NodeHealthCheck
remediation.medik8s.io / v1alpha1
apiVersion: remediation.medik8s.io/v1alpha1
kind: NodeHealthCheck
metadata:
name: example
apiVersion
string
APIVersion defines the versioned schema of this representation of an object.
Servers should convert recognized schemas to the latest internal value, and
may reject unrecognized values.
More info: https://git.k8s.io/community/contributors/devel/sig-architecture/api-conventions.md#resources
kind
string
Kind is a string value representing the REST resource this object represents.

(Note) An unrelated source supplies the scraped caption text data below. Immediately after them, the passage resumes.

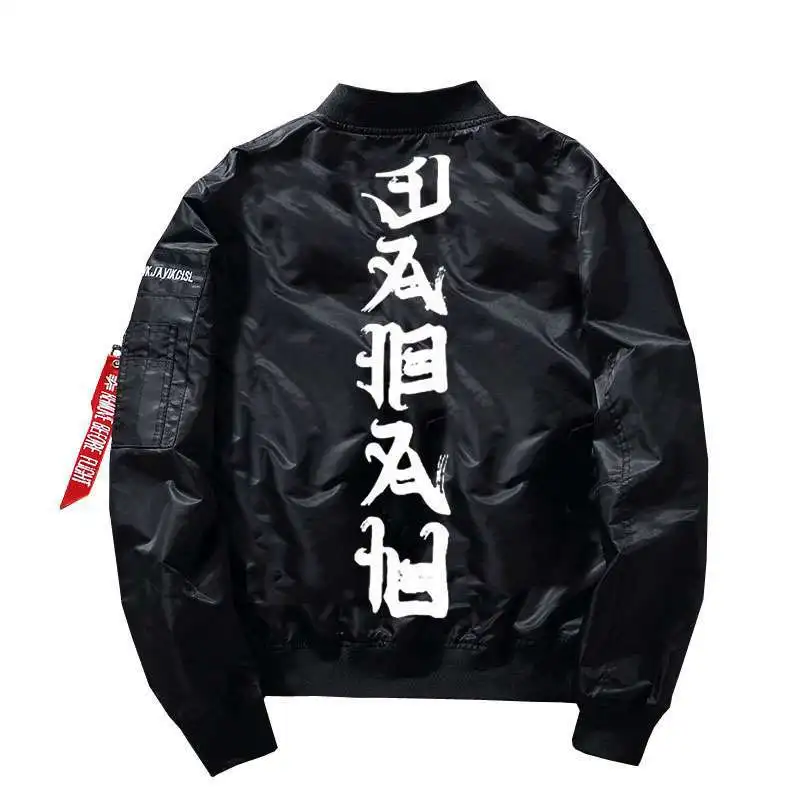 Spring Autumn 2018 Hip Hop Style Bomber Jacket Men Black Thin Ahriman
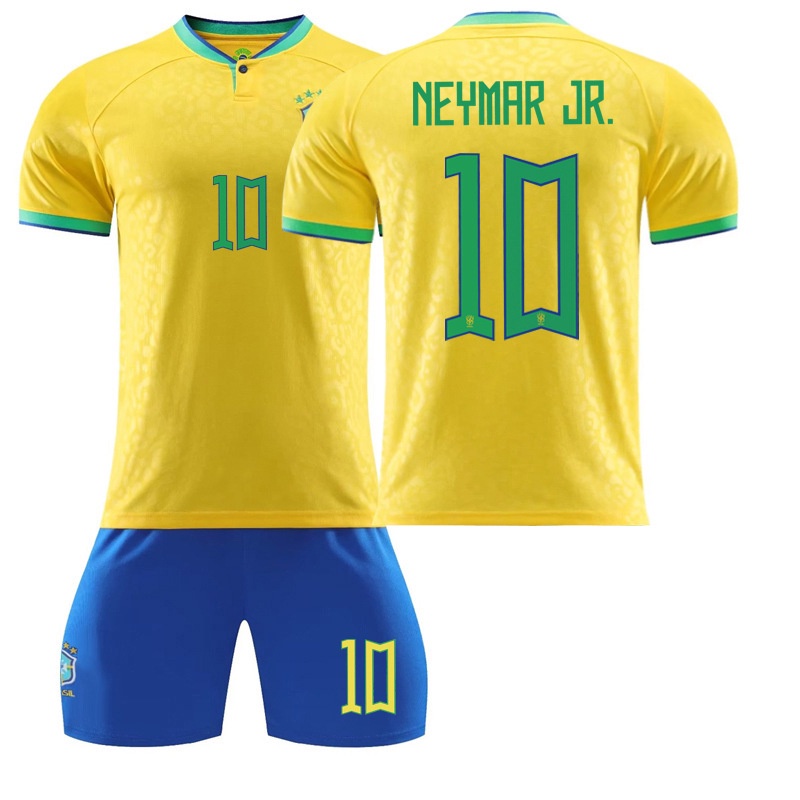 2022 Brazil National Team Home Jersey No.10 Neymar Jersey Set Men ...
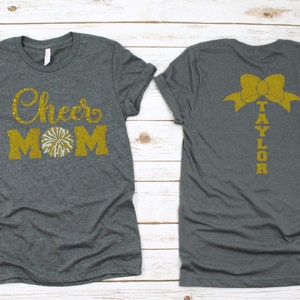 Personalized Cheer Mom Shirt, Custom Glitter Cheer Mom Shirt, Proud Cheerleader Mom Shirt, High School Spirit wear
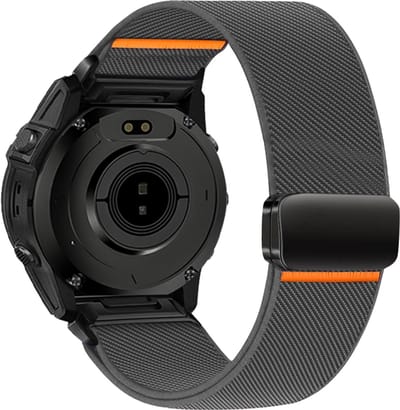 Stravo Nylon Bandje met Magneet voor Garmin Fenix 5s - Plus & Sapphire - Fenix 6s - Pro & Sapphire - Garmin Fenix 7s / Fenix 8 - 43mm - Quickfit 20 / 20mm band voor Garmin smartwatches - Stevig & Verstelbaar Horlogebandje - Grijs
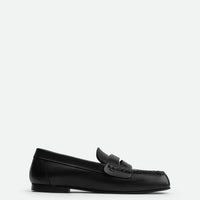 Finley Black Leather Loafers - Side View - POEVE Collection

Servers may infer this from the endpoint the client submits requests to.
Cannot be updated.
In CamelCase.
More info: https://git.k8s.io/community/contributors/devel/sig-architecture/api-conventions.md#types-kinds
metadata
object
spec object
NodeHealthCheckSpec defines the desired state of NodeHealthCheck
escalatingRemediations []object
EscalatingRemediations contain a list of ordered remediation templates with a timeout.
The remediation templates will be used one after another, until the unhealthy node
gets healthy within the timeout of the currently processed remediation. The order of
remediation is defined by the "order" field of each "escalatingRemediation".
Mutually exclusive with RemediationTemplate
order
integer required
Order defines the order for this remediation.
Remediations with lower order will be used before remediations with higher order.
Remediations must not have the same order.
remediationTemplate object required
RemediationTemplate is a reference to a remediation template
provided by a remediation provider.
If a node needs remediation the controller will create an object from this template
and then it should be picked up by a remediation provider.
apiVersion
string
API version of the referent.
fieldPath
string
If referring to a piece of an object instead of an entire object, this string
should contain a valid JSON/Go field access statement, such as desiredState.manifest.containers[2].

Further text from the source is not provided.